The civic project Day On Democracy maps colleges and universities that don’t hold classes on Election Day. It estimates that approximately 115 or 2.9% of all colleges and universities cancel classes on Election Day, although the number may not be accurate. Columbia is not on the map, but the University of Illinois system is listed.
Election Day is not a holiday everywhere, but it is in many places in Illinois. According to the Illinois State Board of Elections, the day is considered a “legal school holiday” for public schools, including in Chicago. Schools that are closed for the day can then be used as potential polling places, according to state law.
Election Day is a federal and state holiday, but not in Chicago.

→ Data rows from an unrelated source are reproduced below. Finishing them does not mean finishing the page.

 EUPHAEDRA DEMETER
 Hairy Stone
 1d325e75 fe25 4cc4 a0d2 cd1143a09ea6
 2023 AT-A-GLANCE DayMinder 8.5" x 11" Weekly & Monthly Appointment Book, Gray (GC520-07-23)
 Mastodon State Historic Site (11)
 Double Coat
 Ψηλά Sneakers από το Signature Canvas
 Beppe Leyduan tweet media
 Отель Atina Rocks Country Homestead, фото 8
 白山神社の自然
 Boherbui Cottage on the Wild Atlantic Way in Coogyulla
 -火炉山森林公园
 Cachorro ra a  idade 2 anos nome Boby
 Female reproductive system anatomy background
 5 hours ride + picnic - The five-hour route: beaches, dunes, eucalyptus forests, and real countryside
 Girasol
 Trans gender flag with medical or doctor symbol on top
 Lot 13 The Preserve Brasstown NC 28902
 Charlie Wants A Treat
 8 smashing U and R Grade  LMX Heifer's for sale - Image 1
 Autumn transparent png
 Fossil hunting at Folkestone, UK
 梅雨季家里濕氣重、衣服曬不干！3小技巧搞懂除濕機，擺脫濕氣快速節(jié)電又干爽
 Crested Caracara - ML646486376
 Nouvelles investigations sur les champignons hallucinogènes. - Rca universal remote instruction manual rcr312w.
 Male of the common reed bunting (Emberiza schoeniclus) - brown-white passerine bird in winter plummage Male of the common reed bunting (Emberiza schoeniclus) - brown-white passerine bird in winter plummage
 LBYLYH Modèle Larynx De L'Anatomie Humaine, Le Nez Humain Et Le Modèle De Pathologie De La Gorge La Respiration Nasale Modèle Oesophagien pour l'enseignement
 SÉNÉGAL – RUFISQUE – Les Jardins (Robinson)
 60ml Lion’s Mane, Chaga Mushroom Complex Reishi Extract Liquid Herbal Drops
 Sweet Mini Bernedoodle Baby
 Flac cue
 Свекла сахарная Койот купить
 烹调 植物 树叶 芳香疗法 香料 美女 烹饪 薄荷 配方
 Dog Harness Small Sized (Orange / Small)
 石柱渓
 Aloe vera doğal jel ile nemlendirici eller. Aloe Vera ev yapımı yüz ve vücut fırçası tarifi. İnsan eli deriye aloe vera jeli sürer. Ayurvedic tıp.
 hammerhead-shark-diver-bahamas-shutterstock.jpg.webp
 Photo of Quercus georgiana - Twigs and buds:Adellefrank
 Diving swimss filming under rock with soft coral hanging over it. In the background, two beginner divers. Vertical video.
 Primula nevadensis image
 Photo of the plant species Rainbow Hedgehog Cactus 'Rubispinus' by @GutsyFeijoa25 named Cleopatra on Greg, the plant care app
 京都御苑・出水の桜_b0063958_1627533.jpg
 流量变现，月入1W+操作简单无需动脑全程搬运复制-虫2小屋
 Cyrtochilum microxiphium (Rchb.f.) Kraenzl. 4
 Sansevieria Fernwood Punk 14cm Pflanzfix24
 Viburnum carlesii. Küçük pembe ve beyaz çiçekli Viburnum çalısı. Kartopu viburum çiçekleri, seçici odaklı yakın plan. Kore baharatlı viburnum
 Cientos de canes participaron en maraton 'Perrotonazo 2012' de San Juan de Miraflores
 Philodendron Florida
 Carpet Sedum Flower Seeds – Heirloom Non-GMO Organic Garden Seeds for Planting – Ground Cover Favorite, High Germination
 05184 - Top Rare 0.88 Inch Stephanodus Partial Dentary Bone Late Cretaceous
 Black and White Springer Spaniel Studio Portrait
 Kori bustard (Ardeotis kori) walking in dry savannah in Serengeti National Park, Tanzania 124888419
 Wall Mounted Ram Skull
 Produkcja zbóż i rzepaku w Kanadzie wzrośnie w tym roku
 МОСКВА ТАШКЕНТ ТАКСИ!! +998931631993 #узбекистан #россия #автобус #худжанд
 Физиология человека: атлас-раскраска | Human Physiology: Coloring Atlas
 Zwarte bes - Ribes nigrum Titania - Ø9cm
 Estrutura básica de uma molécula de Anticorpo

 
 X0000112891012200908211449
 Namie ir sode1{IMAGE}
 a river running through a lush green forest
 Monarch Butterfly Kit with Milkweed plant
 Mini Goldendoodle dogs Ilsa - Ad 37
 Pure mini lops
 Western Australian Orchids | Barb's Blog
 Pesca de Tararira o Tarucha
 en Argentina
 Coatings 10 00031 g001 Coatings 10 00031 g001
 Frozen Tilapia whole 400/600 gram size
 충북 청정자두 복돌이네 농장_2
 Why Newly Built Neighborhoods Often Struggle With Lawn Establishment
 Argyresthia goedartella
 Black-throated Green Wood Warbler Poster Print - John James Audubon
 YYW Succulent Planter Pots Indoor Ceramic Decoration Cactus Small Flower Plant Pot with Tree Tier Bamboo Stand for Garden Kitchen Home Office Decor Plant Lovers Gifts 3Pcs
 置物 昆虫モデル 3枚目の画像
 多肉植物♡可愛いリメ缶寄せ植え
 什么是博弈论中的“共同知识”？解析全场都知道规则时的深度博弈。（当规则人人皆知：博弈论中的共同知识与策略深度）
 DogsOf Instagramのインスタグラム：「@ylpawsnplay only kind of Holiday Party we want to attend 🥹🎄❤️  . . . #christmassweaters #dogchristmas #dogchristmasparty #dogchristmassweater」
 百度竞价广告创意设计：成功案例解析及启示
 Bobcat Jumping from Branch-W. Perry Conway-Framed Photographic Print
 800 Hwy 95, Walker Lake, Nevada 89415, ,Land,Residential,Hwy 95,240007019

As Election Day approaches, some students have taken advantage of voting early. According to Bloyd-Peshkin, about 50% of Columbia students are registered to vote by mail.
Megan Brown, a senior music business major, is planning to vote by mail in her home state of Missouri but is still supportive of having the day off as a way to bring attention to voting.
“I think it’s really important to give students the time and dedicated space to perform their civic duty, whether they choose to or not,” Brown said.
Generation Z accounts for 41 million eligible voters nationwide, and both major party candidates are targeting them.
Although younger voters typically do not go to the polls at the same rate as older voters, they could be deciders in the 2024 election if enough turn out.
Some students, like senior graphic design major JJ Salgado, are organizing their friends to hit the polls on Election Day.
“I believe I’ll just go with some friends, I usually always do. I gather around some people and we kind of just do it together, make it an activity,” Salgado said.
Some students who were planning on voting early are now looking forward to casting their vote on Election Day. Cameron Counts, a sophomore film and television major, said they would not have been able to vote without the day off.
“I probably would not have been able to find time. So it’s awesome that they are doing that,” Counts said.
Anesa Nevzadi, a junior film major, was very hopeful that having the day off will encourage other students to go out and vote, and that other schools will follow Columbia’s example.
“I think that voting is an obligation that everyone has. Schools, being a representative for the youth in a country, taking that step to provide us with a day to do something like this, go out and vote as an obligation is a very necessary step in ensuring that our future is taking the measures that they need to, in order to make our future better,” Nevzadi said.